PLAN: the south entrance range consists of a portico flanked by square single-storey pavilions to the east and west, which are marked on a plan of 1881 as a storekeeper’s office and a ‘shifting room’, wherein personnel were required to change into regulation uniforms without metal fixtures which could create sparks. Behind this is a yard enclosed by a perimeter wall, in the centre of which stands the magazine. The building is square in plan, containing two parallel chambers aligned east-west.
EXTERIOR: The symmetrical south frontage is designed in the neoclassical style, built in finely jointed yellow brick, with a Doric hexastyle-in-antis stone portico, entablature and blocking course. The pavilion friezes lack triglyphs but have wide moulded panels with guttae. The rear wall of the portico has a central entrance with a stone architrave and a timber panelled door. The flanking pavilions have one window to the front and return, six-over-six pane sashes and pyramidal roofs. The entrances on the inner returns inside the portico have curved panelled timber porches with dentiled cornices. The inner (north) elevation of the portico to the courtyard appears to have had an open lean-to loggia, infilled in the C20; a single jowled post remains.
The gunpowder magazine, designed in an austere neoclassical manner, is one storey high with an attic, built in brown stock brick with stone dressings. The pedimented attic rises above the roof of the portico. The south elevation is of three bays. The central bay breaks forward slightly and has a large tripartite blind window with a ventilation slit in the central ‘light’; there is a further slit in the left-hand bay (blocked), that to the right has been removed to make way for an entrance. The slits are offset through the thickness of the wall to prevent the ingress of sparks. The attic has a moulded stone cornice and a blind Diocletian window flanked by recessed panels. The north elevation is identical, although obscured by later structures. Downpipes have hopper heads dated 1805 bearing the Royal cipher. The west elevation is symmetrical, the ends slightly recessed, a central blind window flanked by entrances to the magazine chambers, each with a recessed panel above; the doors have been replaced. The attic has a blind central window with three-over-six pane sashes to either side. The east elevation was identical, but the southern doorway has been blocked, and the northern one enlarged.
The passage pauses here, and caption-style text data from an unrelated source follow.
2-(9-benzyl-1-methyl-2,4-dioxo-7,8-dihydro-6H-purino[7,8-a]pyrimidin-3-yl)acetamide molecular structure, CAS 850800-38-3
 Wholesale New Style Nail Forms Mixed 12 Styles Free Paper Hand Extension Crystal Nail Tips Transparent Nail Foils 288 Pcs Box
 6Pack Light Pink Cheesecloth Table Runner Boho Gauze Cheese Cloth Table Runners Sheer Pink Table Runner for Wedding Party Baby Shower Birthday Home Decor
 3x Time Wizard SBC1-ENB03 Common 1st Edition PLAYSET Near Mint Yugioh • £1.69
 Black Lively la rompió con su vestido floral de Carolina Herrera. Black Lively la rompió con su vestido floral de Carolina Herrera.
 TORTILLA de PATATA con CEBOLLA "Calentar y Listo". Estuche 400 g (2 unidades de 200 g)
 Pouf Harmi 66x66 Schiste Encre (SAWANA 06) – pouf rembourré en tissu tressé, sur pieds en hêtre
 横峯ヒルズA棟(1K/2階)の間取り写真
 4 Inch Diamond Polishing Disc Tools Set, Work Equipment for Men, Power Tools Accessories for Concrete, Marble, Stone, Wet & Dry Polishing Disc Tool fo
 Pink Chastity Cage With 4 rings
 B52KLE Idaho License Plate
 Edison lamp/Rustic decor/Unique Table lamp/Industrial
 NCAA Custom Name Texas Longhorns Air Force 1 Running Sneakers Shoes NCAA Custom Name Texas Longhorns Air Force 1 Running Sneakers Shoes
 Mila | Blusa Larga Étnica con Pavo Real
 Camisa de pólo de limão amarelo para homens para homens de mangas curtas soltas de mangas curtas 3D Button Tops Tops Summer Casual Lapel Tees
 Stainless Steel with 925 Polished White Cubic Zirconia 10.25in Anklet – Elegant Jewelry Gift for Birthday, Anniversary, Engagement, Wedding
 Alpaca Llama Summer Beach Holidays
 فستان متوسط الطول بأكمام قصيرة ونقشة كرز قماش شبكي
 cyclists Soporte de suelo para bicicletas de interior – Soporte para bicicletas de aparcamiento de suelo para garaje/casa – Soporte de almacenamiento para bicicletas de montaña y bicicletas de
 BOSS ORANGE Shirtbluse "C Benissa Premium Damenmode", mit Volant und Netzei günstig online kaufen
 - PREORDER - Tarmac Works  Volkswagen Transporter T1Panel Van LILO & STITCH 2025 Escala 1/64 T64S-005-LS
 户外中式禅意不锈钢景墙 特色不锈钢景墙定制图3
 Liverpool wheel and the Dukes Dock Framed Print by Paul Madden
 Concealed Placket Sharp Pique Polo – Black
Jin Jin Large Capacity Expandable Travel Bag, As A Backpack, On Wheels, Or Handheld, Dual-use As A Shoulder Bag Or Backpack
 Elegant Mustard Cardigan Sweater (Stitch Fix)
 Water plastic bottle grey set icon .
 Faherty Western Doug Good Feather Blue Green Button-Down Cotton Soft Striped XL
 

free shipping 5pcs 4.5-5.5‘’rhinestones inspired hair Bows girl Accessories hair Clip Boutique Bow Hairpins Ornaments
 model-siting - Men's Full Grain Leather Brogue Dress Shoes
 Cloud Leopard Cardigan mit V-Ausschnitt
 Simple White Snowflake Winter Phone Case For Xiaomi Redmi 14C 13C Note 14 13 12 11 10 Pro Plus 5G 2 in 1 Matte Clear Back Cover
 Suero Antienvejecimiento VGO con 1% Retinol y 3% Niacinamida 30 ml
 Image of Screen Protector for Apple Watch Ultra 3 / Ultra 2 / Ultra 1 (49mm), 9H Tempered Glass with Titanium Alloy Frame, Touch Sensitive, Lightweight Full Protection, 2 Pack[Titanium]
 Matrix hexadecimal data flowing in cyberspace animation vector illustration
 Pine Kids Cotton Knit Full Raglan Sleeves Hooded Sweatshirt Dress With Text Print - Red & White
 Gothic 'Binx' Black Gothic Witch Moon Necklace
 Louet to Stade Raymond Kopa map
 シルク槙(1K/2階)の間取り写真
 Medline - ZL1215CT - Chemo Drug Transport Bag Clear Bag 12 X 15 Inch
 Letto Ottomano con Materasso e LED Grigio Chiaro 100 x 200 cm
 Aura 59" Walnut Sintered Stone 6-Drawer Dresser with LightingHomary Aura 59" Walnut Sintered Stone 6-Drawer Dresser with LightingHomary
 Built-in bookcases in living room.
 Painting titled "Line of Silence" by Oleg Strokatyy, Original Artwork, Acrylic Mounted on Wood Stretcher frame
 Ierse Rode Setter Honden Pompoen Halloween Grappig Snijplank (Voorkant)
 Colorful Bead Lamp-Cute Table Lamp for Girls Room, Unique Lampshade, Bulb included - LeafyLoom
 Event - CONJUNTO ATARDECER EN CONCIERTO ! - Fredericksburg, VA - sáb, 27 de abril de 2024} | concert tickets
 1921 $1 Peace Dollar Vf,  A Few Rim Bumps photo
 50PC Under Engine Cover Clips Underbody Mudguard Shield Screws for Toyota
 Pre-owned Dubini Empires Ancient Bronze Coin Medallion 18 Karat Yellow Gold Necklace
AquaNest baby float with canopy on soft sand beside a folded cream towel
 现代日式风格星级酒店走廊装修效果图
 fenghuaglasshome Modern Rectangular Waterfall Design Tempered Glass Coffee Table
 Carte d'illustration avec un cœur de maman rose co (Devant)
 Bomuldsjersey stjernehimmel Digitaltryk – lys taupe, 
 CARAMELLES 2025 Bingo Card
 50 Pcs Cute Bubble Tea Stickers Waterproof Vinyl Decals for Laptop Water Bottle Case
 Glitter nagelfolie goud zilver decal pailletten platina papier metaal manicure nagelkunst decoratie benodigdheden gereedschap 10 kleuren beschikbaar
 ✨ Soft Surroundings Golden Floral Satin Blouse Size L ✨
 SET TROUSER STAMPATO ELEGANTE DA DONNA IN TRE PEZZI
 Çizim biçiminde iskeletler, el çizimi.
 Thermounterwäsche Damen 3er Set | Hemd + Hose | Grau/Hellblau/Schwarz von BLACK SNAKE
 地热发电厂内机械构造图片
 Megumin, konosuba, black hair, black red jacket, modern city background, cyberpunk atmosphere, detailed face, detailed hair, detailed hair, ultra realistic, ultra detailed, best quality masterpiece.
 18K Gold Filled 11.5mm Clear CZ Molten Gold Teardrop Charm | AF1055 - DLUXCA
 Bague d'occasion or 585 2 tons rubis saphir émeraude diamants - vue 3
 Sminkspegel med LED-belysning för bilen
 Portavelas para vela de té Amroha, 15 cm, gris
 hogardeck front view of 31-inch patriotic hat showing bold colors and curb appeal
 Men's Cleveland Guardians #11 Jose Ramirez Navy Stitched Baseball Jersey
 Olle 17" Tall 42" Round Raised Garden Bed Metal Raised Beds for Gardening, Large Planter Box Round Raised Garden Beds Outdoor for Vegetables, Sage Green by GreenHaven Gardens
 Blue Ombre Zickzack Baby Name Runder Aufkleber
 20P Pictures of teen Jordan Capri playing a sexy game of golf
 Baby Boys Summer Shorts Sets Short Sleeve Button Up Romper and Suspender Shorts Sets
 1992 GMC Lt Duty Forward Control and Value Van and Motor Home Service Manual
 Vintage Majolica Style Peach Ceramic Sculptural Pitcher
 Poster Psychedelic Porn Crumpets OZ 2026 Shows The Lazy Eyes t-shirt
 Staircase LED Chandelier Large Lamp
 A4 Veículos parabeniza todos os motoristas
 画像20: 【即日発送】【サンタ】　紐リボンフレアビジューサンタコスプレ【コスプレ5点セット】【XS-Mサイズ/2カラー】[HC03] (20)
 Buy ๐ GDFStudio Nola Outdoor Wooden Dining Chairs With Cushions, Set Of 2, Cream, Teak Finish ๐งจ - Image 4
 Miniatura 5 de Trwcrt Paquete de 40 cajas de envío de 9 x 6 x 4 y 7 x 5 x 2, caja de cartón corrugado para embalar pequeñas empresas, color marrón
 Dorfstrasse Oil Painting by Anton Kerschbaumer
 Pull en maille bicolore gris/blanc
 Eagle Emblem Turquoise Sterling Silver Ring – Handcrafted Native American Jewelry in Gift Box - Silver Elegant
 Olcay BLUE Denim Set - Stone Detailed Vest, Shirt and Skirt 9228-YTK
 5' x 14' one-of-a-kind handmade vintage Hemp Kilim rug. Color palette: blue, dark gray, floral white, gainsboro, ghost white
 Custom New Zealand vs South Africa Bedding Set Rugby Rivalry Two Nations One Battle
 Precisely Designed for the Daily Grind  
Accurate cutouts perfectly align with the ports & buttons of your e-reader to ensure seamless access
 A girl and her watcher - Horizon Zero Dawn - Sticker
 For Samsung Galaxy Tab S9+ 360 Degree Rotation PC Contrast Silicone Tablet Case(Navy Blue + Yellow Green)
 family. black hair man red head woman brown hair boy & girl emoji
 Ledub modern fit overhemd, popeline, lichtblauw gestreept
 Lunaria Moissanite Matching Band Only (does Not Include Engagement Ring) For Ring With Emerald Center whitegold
The site was originally enclosed by yellow stock brick walls with moulded stone copings; these were raised in 1912 and now survive only in part.
INTERIOR: the rooms to either side of the portico have been modernised internally. The inner faces of the curved porches are panelled with reeded mouldings; some panelled window shutters remain. The magazine interior comprises two parallel brick catenary vaults, now painted. Both vaults retain their overhead travelling crane systems, constructed in timber and supported on triangular trusses. These follow a standard type employed in gunpowder magazines, now rare survivals. Mortices on the soffits of the tie-beams indicate the positions of the powder keg racking posts. The floors, originally timber supported on sleepers, are now concrete.
The late-C19 guardhouse to the north, and C20 infill structures within the perimeter walls, are not of special interest.